Queenslander Reid Mackay will be his family’s third generation speedster in tonight’s 70th Victorian speedcar championship at Avalon Raceway tonight.

Reid is the son of former national and Victorian title holder Ronnie who won the crown back in 1974 and whose brother-in-law Johnny Harvey took a fourth place back at Tracey’s Speedway in Maribyrnong during the 1963 season.

Harvey went on to be one of Australia’s premier Tasman Cup, sports sedan and touring car racers alongside Peter Brock.

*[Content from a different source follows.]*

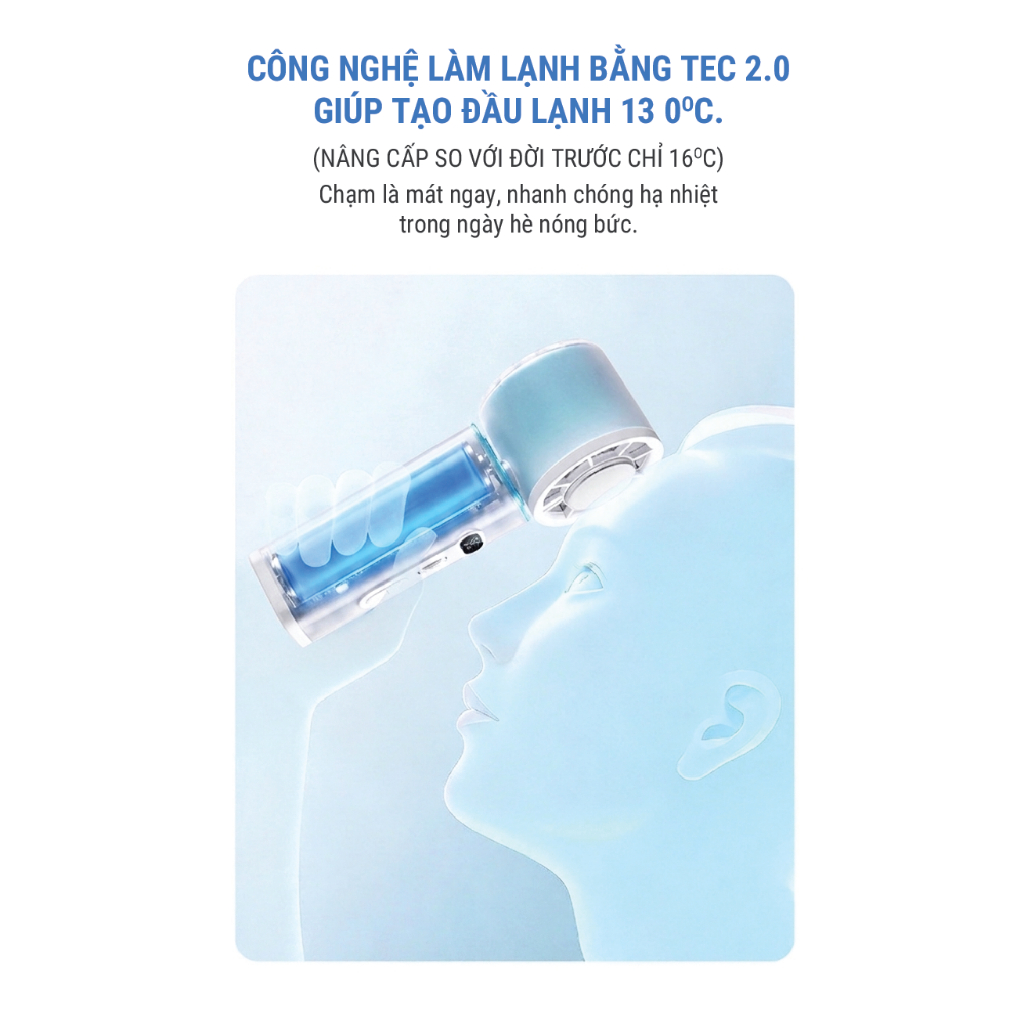 Quạt cầm tay sò lạnh miLife K75 xoay tự động, núm xoay cuốn chiếu, gió 8.1m/s | BigBuy360 - bigbuy360.vn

The championship might be steeped in Mackay family history, but young Reid, 23, wants to stay out of the way of the top guns and finish respectably.

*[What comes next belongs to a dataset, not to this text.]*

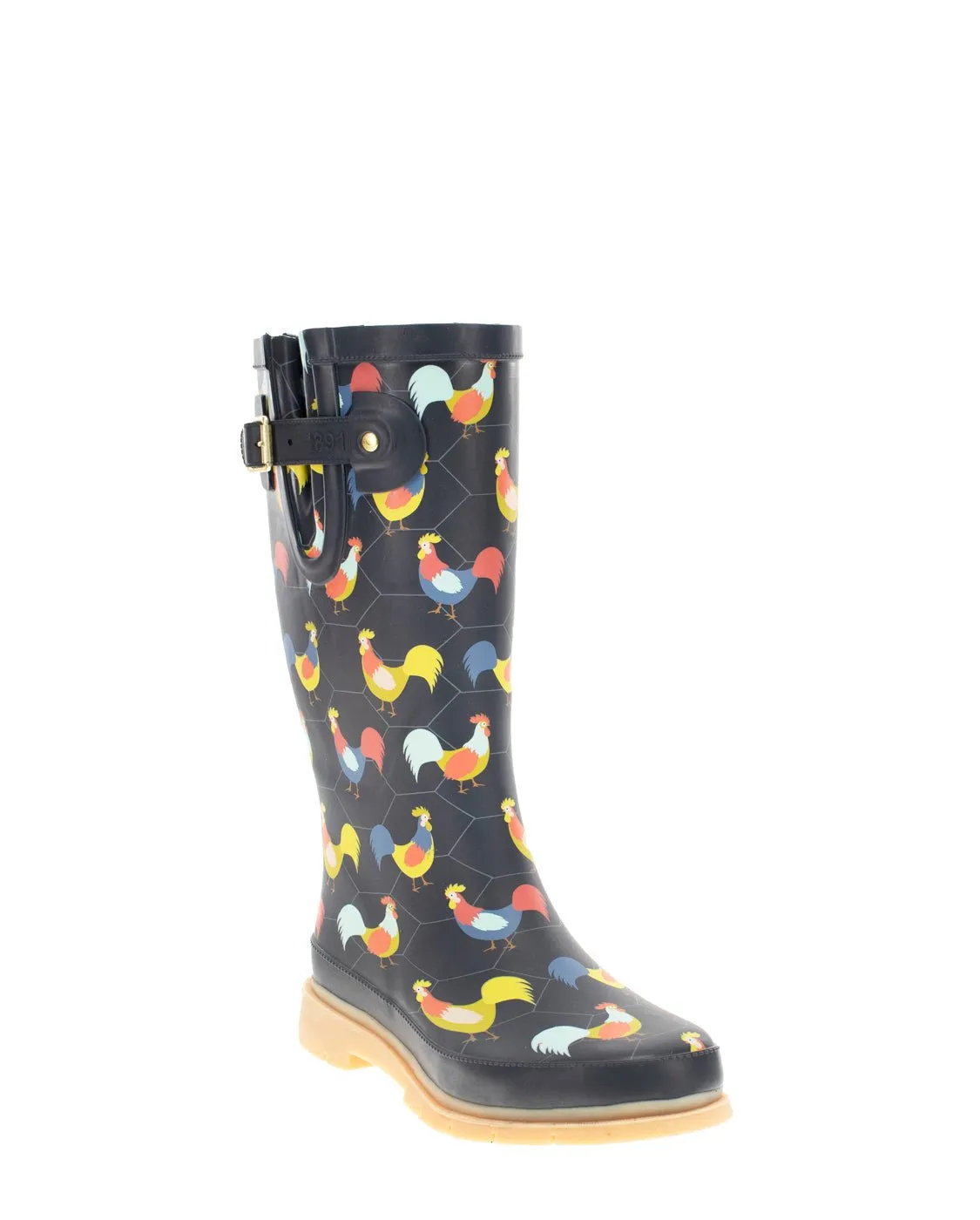 Women's Chicken Plaid Tall Rain Boot - Charcoal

He rates American Davey Ray, Queensland’s national super series champion Brett Thomas, West Australian Dayne Kingshot, NSW gun Mark Brown and Victorian drivers Troy Jordan, Domain Ramsay and Travis Mills as the ones to beat.

“Reid knows what to expect in this elite company where nobody takes prisoners,” his dad Ronnie said yesterday.

Mackay (pictured in car #76 diving under Tony Middlemass) should know as he’s raced against Indy 500 winners A.J. Foyt and Johnny Rutherford on Liverpool Raceway’s pavement oval in Sydney.

Supporting the speedcar championship tonight will be the K Rock Cup for V8 super sedans and a rib tickling Demolition Derby where the winner will be the driver of the last surviving car.

The K Rock and Demo Derby were originally scheduled to be completed on January 3, but Avalon Raceway put the meeting on hold when a bushfire alert was posted along with the prediction of a 40c day and howling winds.

As things turned out the wind dropped at 4.00 pm, the temperature plummeted and thunderstorms arrived on cue and stayed for the rest of the evening.

“I remember thinking why the hell did I get out of bed this morning” recalled Raceway spokesman Jeff Drew yesterday.